Protect the people of Zimbabwe

Brussels, 30 June 2005: The international community must take bold new action to address the worsening crisis in Zimbabwe.
The government's blitz campaign to evict people from their homes or markets -- called Operation Murambatsvina, or "Drive Out Rubbish" -- has left over 300,000 persons homeless and has exacerbated an already dire humanitarian situation.

"This campaign flies in the face of the government's obligations to protect its citizens", says Crisis Group President Gareth Evans. "It provides the gravest proof yet that the situation in Zimbabwe requires more effective international engagement".

In letters to African and international leaders (full text below), Evans describes the steps the international community must now take.

Leaders must strongly condemn and demand an immediate end to the mass forced evictions; demand unrestricted access for humanitarian aid; harmonize, strengthen, and enforce targeted sanctions; create a joint task force to examine the flow of assets associated with senior ruling ZANU-PF party figures; support the new UN Envoy, Anna Kajumulo Tibaijuka; support an International Commission of Inquiry to investigate the use of food and shelter as political weapons; and insist on respect for the rights of refugees and internally displaced persons.

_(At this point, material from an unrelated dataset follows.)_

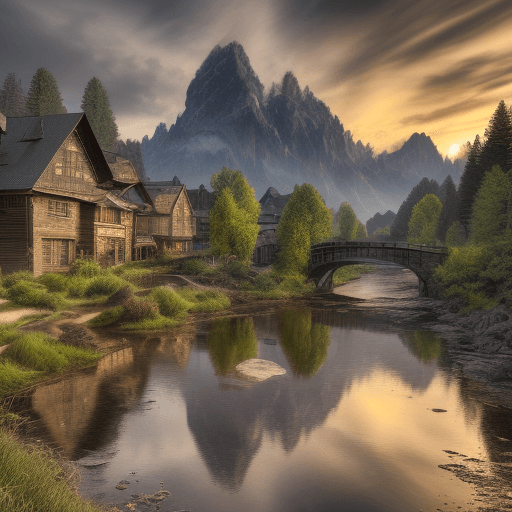 AI generated: HDR photography that combines a wallet with realistic landscapes, , with intricate details, high dyn...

The international community should press the government and ZANU-PF to initiate discussions about a credible transition process leading to democratic reform, restoration of the rule of law and economic recovery. They should also expand and improve assistance to the truly democratic forces in the country.

The U.S. and UK should take the additional step of appointing a Special Envoy for Zimbabwe to tour African capitals and promote a united U.S./UK/African policy response to the situation in Zimbabwe.

"With unemployment already around 70 per cent and food shortages affecting half the population, Zimbabwe is a ticking time bomb", says Evans. "It is time for the international community to step in and protect the people of Zimbabwe".